Moça dona de uma voz rouca, nem sequer ouvia-se, pareciam sussurros. Põe-se em pé ao meu lado, e pouco que percebi ela dizia:

- Ajuda-me, ajuda-me que sou doente mental.

Com o vestido rosa enrolado entre as pernas, mangas enroladas ao deixar o sutiã a mostra. Continuava:

- Ajuda-me...

A senhora à minha frente, dá um sorriso, quase materno, como alguém realmente a queria bem. Quando a moça repara na bíblia aberta com a imagem de uma santa e logo diz:

-Olha que linda imagem a senhora tem aqui. Dá-me? Vou para França amanhã, posso levar a imagem? Sabe, pode dar também uma moeda, tenho fome. Quero moedas, não quero notas.

A senhora começa a revirar a bolsa atrás da moeda, e quando acha diz:

- Dou a moeda, mas a menina tem de baixar o vestido.

Acho tão bonito como aquela senhora quis dar alguma dignidade mesmo que momentânea à aquela moça. A moça abaixou o vestido prontamente, uma outra senhora sentada ao meu lado levantou-se, logo diz a moça:

- Deixa eu sentar, estou cansada, sou doente mental e estou cansada…

Nesse momento diz que é de família rica, mas a família não quer mais vê-la, que lhe roubaram 600 Euros e bateram, arrancaram-lhe um dente. Quando subitamente levanta, denovo como um furacão e diz:

- Tenho de sair, vou descer aqui.

Outra senhora nos bancos da frente, quer lhe oferecer algumas moedas também, mas ela, muita agitada não se dá conta disso, quando eu lhe chamo atenção. Ela pega as moedas, agradece, diz denovo que é doente mental e precisa de ajuda. Senta-se denovo ao meu lado. A senhora logo questiona:

- A menina sabe rezar?

- Sei sim! – Exclama com energia e continua – Pai Nosso que estais no céu…

- Não – diz a senhora – tem de rezar para Nossa Senhora.

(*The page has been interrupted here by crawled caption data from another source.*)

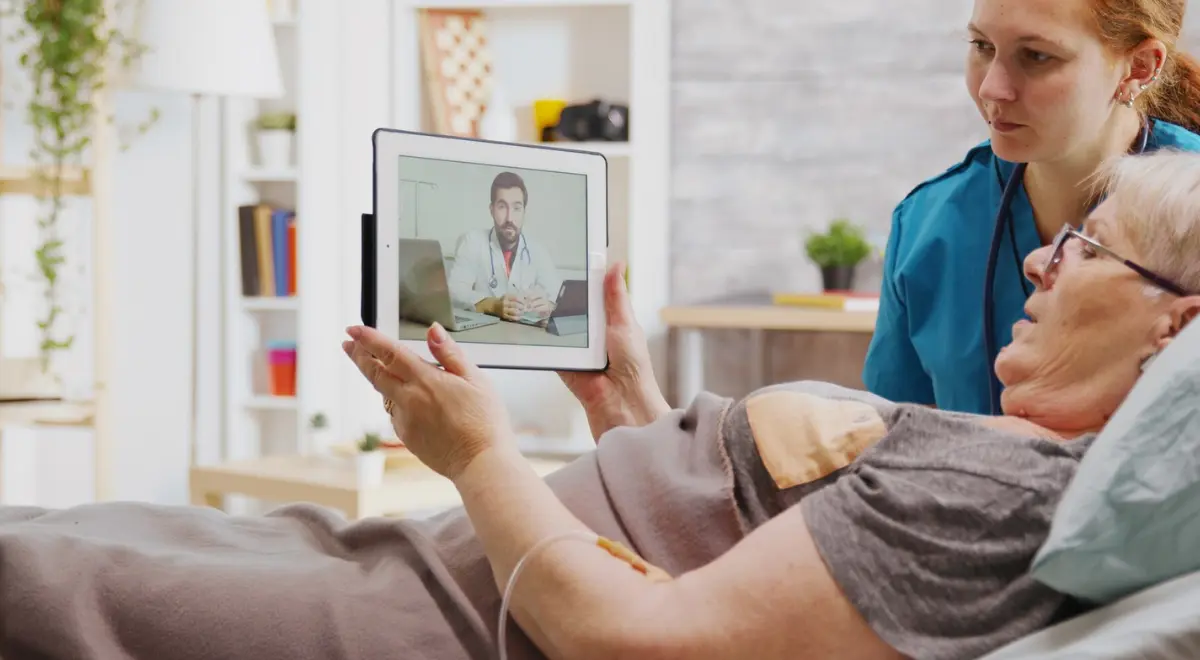Overcoming Remote Monitoring Challenges in Pain Management: RPM vs. RTM Solutions Overcoming Remote Monitoring Challenges in Pain Management: RPM vs. RTM Solutions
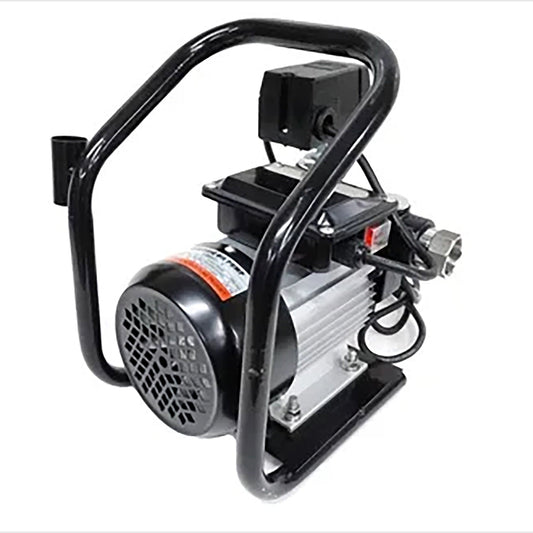 オイルポンプ　Ｍ１００－８０ＯＬ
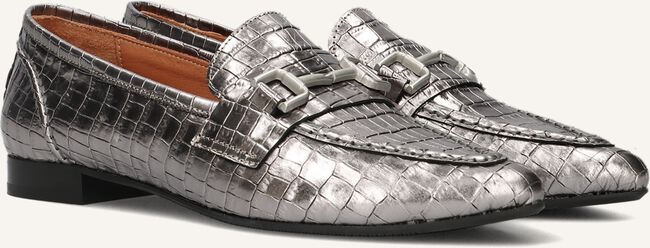 Zilveren NOTRE-V Loafers 4628 Zilveren NOTRE-V Loafers 4628 - large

É ela quem cuida da família.

A moça levanta-se novamente, volta a sentar-se, diz: “Vou largar essa vida hoje. Hoje não, agora! Pronto, larguei!”. Que não vai mais ficar na rua. Vai para Coimbra, e depois para França. E a senhora, só abana a cabeça e olha, como se pudesse ver além do que eu via. Confesso que quando entrou, com uma flor em uma mão e uma sacola na outra, soltou a sacola no chão, e começou a dizer qualquer coisa que não entendia, logo pensei: “Lá vem mais um a chatear logo cedo.”

Então a senhora pergunta-lhe o nome e assim diz ela:

- Sou Mel, como mel da flor, como mel da abelha, M-E-L. E a senhora?

- Sou Helena.

Então, enquanto Mel levanta para sair, diz:

- Helena, também é o nome da minha irmã. – Até tive a impressão de que ela, naquele segundo foi levada para um tempo longínquo, onde pode ser que tenha tudo começado.

Então saí em disparada, diz que tem sair e se vai.

Olho para frente, quando dou conta, Dª Helena, tem uma lágrima já correr pelo rosto. Levanta-se para sair na estação seguinte, e a senhora a frente que também dado moedas diz qualquer coisa que não entendo e emenda:

- Eu sei como é, meu marido ontem também já não dizia nada com nada.

- Eles precisam de ajuda – Diz Dª Helena – Qual o nome do seu marido que vou rezar por ele também.

E saem as duas, e eu sigo meu caminho a pensar. Que um dia quero ser como a Dº Helena, e realmente compadecer com a dor do mundo e dos outros. Chatear-me menos com coisas que tem solução, e que tenho saúde e lucidez o suficiente para mudar aquilo que não gosto. E que se calhar, o mundo seria mais tranquilo, e mais justo, se houvessem mais “Donas Helenas” por ai. Que querem mesmo ajudar o próximo e sente suas dores como se fossem delas.